5. Performative relations

My meaningful relationship with the objects included in this body of work is time and place specific. That is to say this relationship is indelibly shaped by the experiences, ideas, discrete histories and even the presence of the other objects that I may encounter in a particular moment.

During a breakfast at a small restaurant in Queenswood, Pretoria I discover standing beside my chair a wooden potty trainer for sale at the antiques shop next door.

Whilst browsing through a second hand bookshop, I read about erstwhile leader of the South African Communist Party Chris Hani’s disgust with the armed struggles’ military training camps during apartheid. In brief, Hani was infuriated by the fact that the exiled comrades and military trainers were living a life of luxury whilst the new recruits were dressed in rags, semi-starving boys with guns.

And Faustus? Well let me just say as a product of Afrikaner Calvinism I applaud the man that shunned superstition and chose reason, no matter what the final outcome.

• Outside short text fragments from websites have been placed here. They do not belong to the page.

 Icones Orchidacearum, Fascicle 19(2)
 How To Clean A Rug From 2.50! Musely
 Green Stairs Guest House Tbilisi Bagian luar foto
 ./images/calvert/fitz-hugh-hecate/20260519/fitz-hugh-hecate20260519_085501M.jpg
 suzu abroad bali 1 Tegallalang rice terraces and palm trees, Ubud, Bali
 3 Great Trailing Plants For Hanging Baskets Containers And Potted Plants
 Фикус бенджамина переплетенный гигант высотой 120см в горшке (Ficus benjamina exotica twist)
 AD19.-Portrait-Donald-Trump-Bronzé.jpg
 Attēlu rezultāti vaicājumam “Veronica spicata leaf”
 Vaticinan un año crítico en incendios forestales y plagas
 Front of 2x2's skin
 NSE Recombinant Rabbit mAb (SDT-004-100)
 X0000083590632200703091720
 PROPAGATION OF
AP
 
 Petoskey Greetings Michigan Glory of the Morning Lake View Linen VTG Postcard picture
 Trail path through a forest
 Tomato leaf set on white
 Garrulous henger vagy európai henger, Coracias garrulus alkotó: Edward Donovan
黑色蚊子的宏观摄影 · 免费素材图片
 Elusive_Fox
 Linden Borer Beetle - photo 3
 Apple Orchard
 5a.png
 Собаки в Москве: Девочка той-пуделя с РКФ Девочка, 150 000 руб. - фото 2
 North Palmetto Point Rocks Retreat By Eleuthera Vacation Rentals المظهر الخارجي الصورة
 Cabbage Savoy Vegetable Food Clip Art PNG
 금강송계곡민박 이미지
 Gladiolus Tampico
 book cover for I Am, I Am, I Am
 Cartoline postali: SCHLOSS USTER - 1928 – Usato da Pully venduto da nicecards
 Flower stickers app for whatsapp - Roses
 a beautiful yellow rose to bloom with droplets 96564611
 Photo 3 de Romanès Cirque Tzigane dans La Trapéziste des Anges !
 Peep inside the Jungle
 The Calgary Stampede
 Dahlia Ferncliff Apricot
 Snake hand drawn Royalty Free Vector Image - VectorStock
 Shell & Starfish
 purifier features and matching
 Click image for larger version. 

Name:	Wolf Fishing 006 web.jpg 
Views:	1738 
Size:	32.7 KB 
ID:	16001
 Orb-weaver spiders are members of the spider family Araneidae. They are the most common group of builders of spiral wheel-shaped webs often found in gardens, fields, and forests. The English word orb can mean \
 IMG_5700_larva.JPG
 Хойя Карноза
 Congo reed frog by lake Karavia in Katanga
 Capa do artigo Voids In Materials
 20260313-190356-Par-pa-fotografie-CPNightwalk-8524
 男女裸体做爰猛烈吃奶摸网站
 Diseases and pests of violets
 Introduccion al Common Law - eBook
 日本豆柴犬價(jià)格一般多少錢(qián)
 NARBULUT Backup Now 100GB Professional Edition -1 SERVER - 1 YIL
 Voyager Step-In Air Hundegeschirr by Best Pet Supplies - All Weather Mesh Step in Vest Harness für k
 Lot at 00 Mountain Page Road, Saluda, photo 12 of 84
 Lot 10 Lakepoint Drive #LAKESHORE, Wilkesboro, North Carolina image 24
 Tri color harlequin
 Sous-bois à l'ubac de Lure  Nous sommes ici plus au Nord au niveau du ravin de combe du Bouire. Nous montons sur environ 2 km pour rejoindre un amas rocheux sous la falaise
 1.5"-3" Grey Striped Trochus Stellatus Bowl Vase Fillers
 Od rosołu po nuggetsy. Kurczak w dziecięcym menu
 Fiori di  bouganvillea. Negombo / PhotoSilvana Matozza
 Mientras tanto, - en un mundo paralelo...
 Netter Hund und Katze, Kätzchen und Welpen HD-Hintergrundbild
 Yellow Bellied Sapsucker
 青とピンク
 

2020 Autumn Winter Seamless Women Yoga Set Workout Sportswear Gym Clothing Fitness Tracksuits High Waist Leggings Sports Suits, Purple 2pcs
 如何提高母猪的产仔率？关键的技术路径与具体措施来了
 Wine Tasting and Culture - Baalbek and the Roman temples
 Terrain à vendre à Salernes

In this way the foam casts of Faustus exist as the very material embodiment of my performative relationship with the original object and its varied meanings. Faustus has a meaningful history and I cannot neatly extrapolate my attraction to the object from those meanings.

But still, the object also exists in the here and now, and so it would be utterly foolish to pretend that all I love is its history, the story of Faust if you will.

To only love history, received narrative is to be trapped in a loveless relationship that will never be consummated in the here and now. And how could it?

To love a ghost is to love nothing but your own nostalgia.